The Toronto International Film Festival has added a number of world premiere documentaries to its line-up.
The additions include Bob Richman’s Ahead Of Time, a profile of 97-year-old former journalist and government figure Ruth Gruber; Icelandic director Fridrik Thor Fridriksson’s exploration of autism, The Sunshine Boy; and Don Hahn’s Waking Sleeping Beauty, the story of Walt Disney’s role in the development of modern animation.
TIFF has also invited a number of attending filmmakers to public conversations about their craft and their influences.
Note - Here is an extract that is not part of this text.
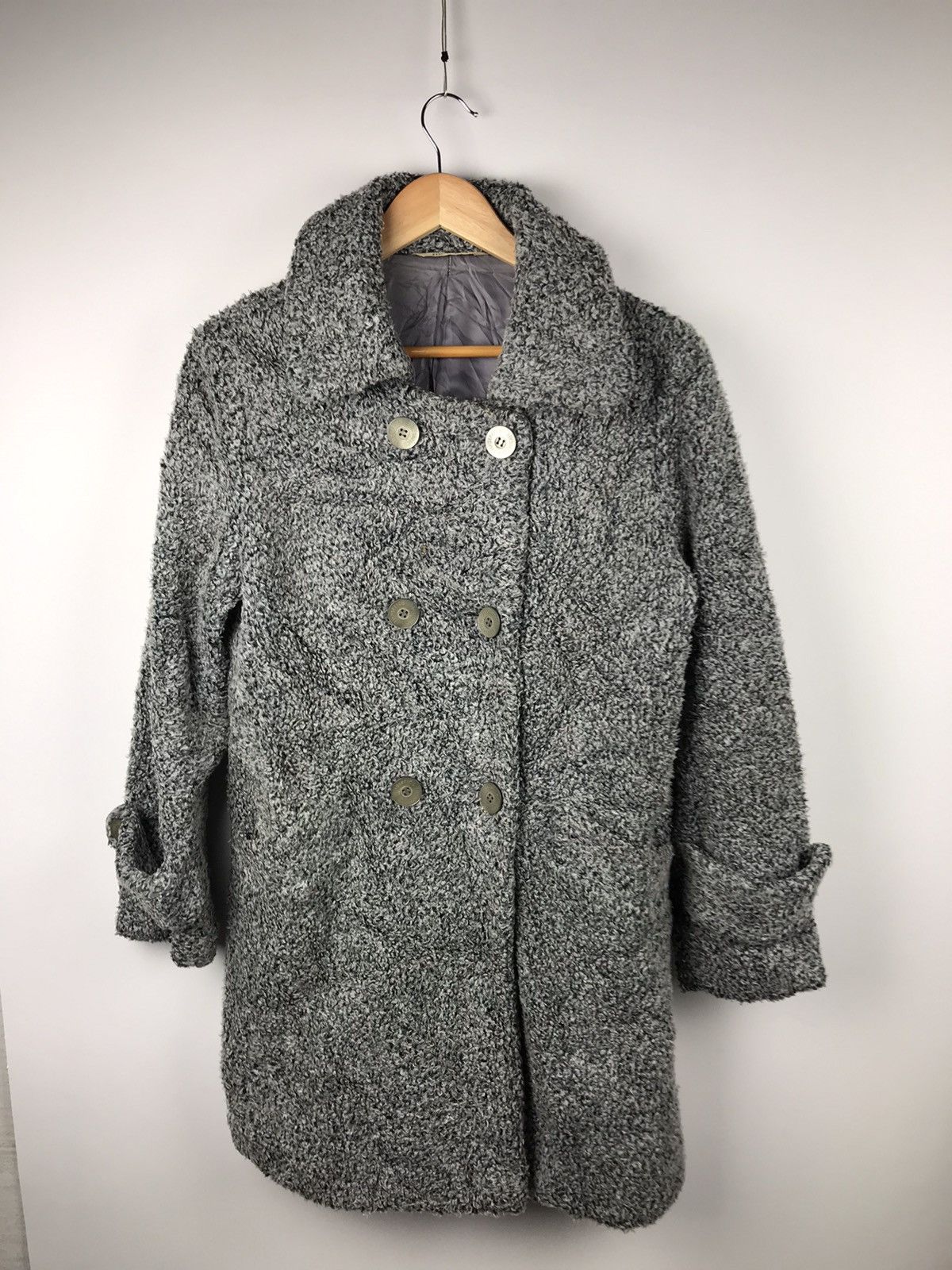 Hysteric Glamour Vtg Hysteric Wool Tweed Sherpa Long Jacket Size US M / EU 48-50 / 2 - 1 Thumbnail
In the Mavericks program, Barry Levison will present the world premiere of The Band That Wouldn’t Die, his hour-long TV documentary about a marching band in his native Baltimore; comedian Chris Rock will discuss his documentary, Good Hair, which screens as part of the festival; documentary veteran Frederick Wiseman presents the North American premiere of his 160-minute opus La Danse; and Michael Caine, star of Harry Brown, will talk about his career.
In the Dialogues: Talking With Pictures program Neil Jordan will present a screening of Federico Fellini’s The White Sheik, Joe Dante will present the W.C. Fields classic It’s A Gift; and Ted Kotcheff will present his 1971 Cannes competitor Wake In Fright, long considered Australia’s lost masterpiece, now restored. Debut director Sook-Yin Lee will present a screening of Jane Campion’s debut Sweetie.